How to use the Pandas set_index() and reset_index() functions

Learn how to use the Pandas set_index() and reset_index() functions to add and remove a single or multi-level index to your dataframe.

How to use the Pandas set_index() and reset_index() functions
Picture by Nothing Ahead, Pexels.
11 minutes to read

While many Pandas operations don’t require or benefit from an explicitly named index on the dataframe, named indexes (or indices) can be beneficial for some tasks because a wide range of functions are designed to let you manipulate the data based on index values.

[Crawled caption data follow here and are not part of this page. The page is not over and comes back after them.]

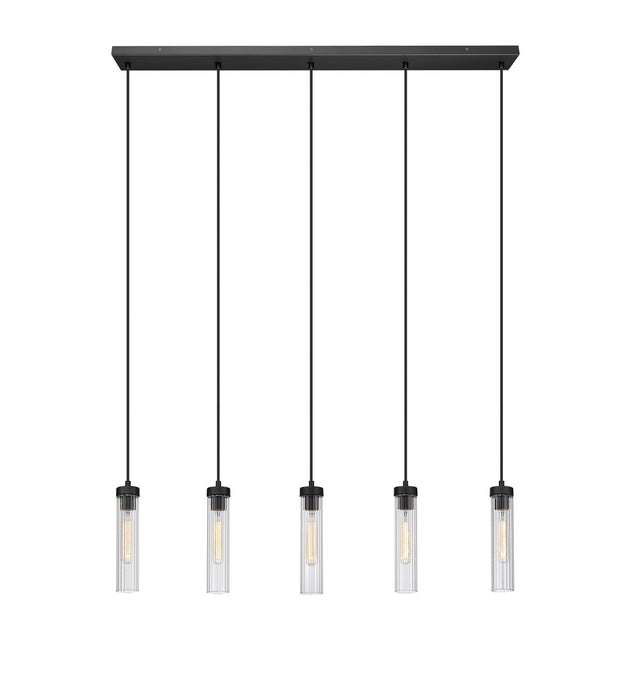 Beau Five Light Linear Chandelier in Matte Black by Z-Lite Lighting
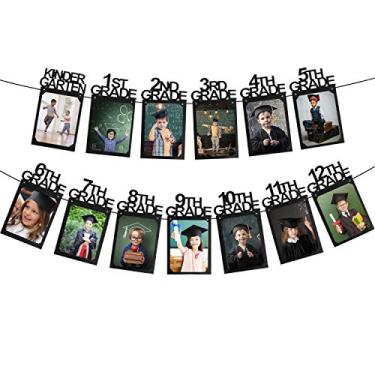 Imagem de (1-12th) - Class of 2019 Congrats Kindergarten-12 Grade Photo Banner -Perfect Graduation Decorations Party Supplies for Grad Party Bunting Black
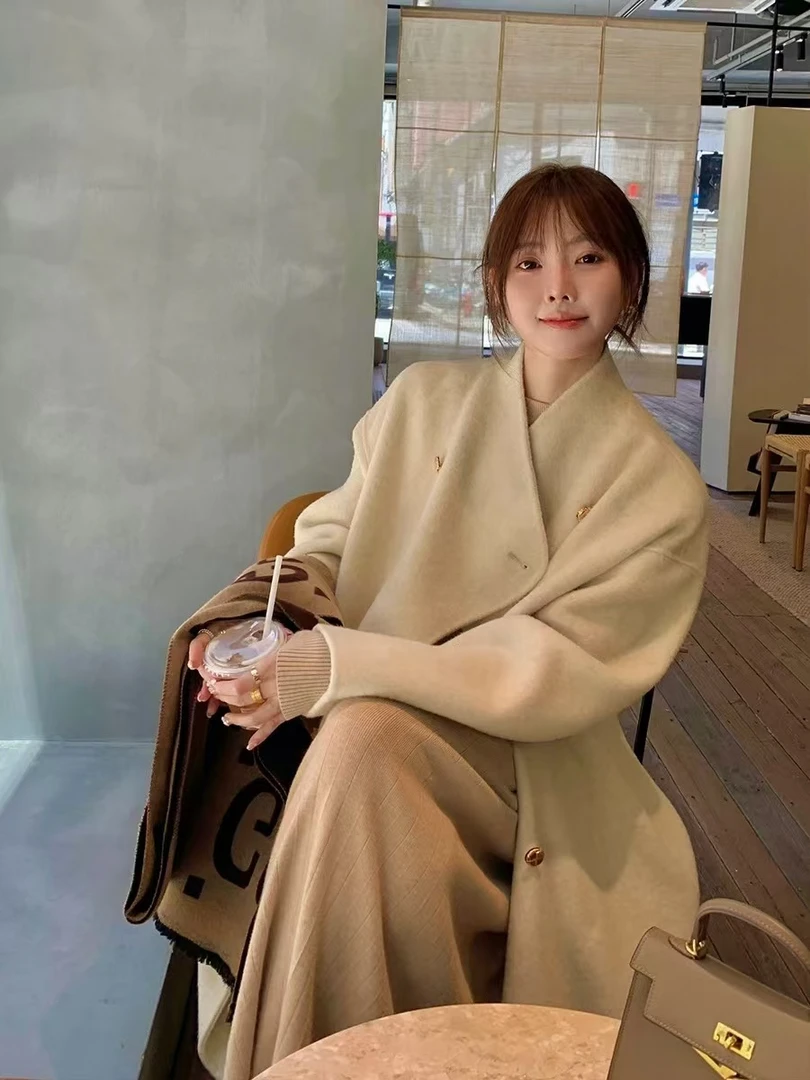 高级感双面羊毛大衣中长款小个子慵懒宽松气质冬保暖加厚外套女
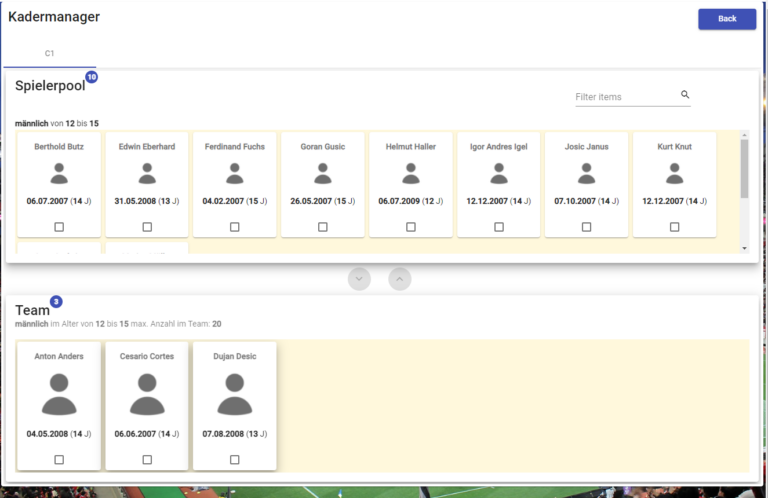 Fußball Team auswählen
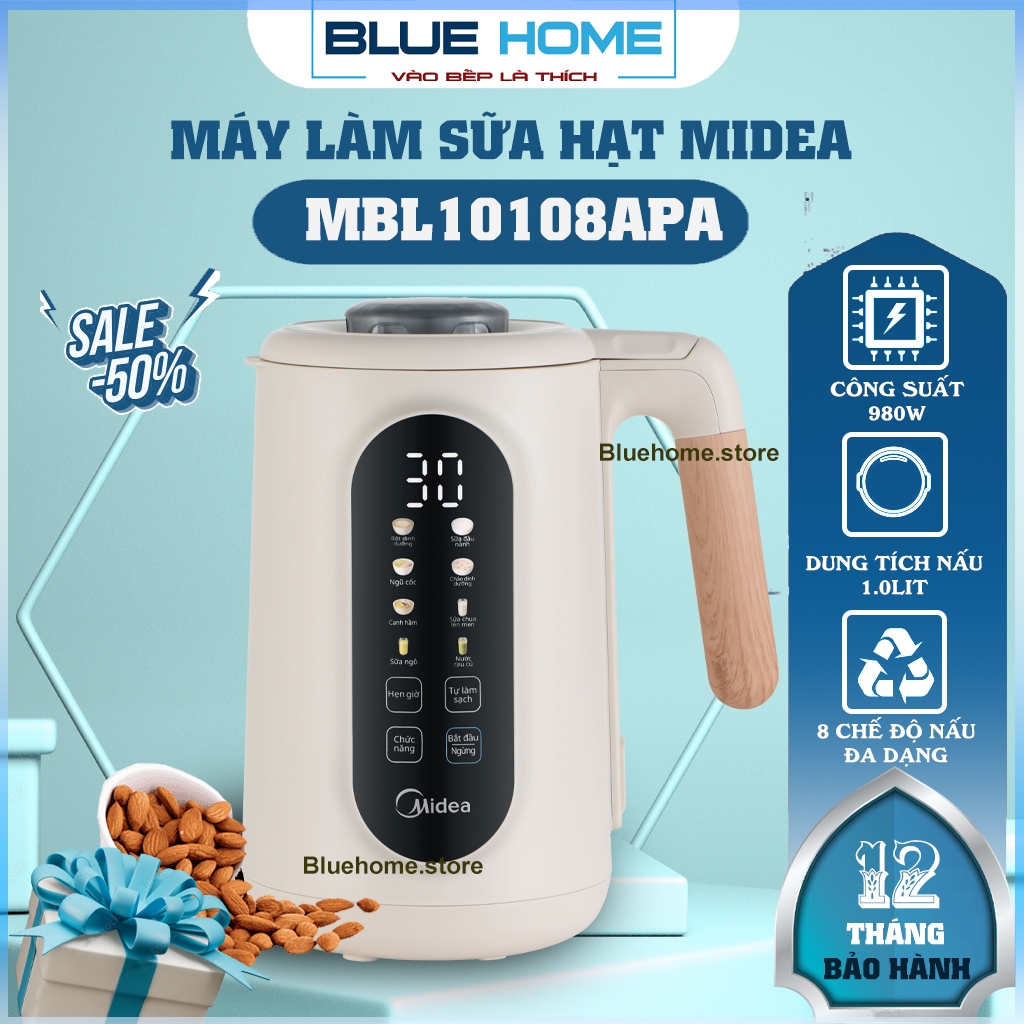 Máy Làm Sữa Hạt Midea MBL10108APA , 1Lit - 800W, Tự Làm Sạch, Cảm Ứng LED, Hàng Chính Hãng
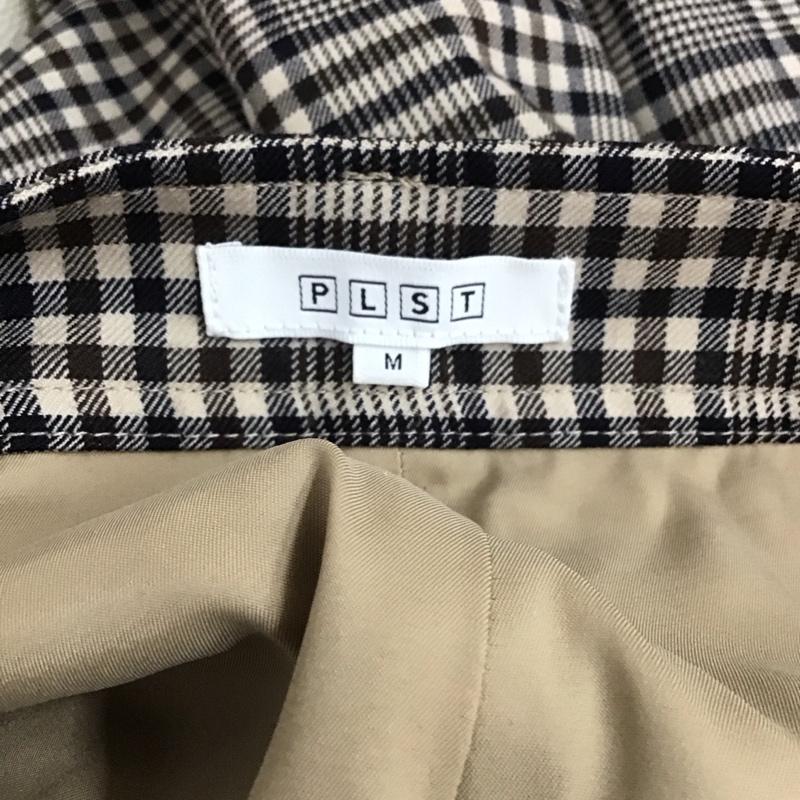プラステ PLST パンツ スラックス 12-9406097 タックパンツ ワイドパンツ テーパードパンツ M チェック ベージュ / ベージュ / X 茶 / ブラウン / X 紺 / ネイビー /  レディース USED 古着 中古 10113018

By default, Pandas will add a basic numeric index and this is fine for most tasks. However, you can also add explicitly named indexes with a single level or a multi-level or hierarchical index using the pandas.DataFrame.set_index() method. Similarly, you can remove, drop, or reset indexes using the pandas.DataFrame.reset_index() method. In this quick tutorial I’ll show you how to use them.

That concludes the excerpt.